Why this final tilted late
Tokyo rewarded first‑strike clarity. Nys/Roger‑Vasselin treated neutral starts as short runways: heavy crosscourt exchanges to draw a float, then a decisive down‑the‑line redirect to unlock the poach lane. On return, they showed crosscourt before knifing inside‑in at key moments, freezing the opposing net player and channeling the next ball into the middle third where their volley coverage was waiting.
Bopanna’s serve still shapes rallies, and Yuzuki’s court speed kept both sets level into the eleventh game. But the challengers saw fewer forehands on their terms because the champions took away height and time. Depth‑biased returns landed close to the baseline tape, forced lifted replies, and gave Nys and Roger‑Vasselin forecourt decisions they were prepared to make.

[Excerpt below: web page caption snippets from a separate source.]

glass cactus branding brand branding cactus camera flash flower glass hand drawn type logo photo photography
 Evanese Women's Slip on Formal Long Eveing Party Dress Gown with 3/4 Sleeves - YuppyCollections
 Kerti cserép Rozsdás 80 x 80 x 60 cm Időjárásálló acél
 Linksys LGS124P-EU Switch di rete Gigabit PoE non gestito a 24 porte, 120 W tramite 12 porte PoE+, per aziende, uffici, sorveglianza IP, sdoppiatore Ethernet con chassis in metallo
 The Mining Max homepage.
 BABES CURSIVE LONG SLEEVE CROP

Technique, pared to essentials
Mechanically, the winners chose economy over flourish. On serve, they varied toss height and body line as much as pace to move contact windows, setting up forehand‑first one–two sequences. At net, they kept the head still and the punching motion compact, shaping the volley with measured underspin that stayed low and rushed the passer.
The return blueprint was equally minimalist: abbreviated backswings and early contact to control direction. The backhand block down‑the‑line appeared on cue, stealing the eye‑line of the opposing net player and prying open the middle. That restraint under pressure scales well across surfaces and match contexts.
Continuity and contrast
Roger‑Vasselin’s Tokyo arc now spans three eras: titles in 2013 and 2019 preceded this latest run with Nys, stitching together a rare throughline across partners and styles. At 41, his tour‑level finals record advances to 29–20—29 wins against 20 losses—built on low‑risk patterns that age cleanly. Bopanna, 45, remains an outlier for how thoroughly serve placement and forecourt economy can still script a match deep into a career.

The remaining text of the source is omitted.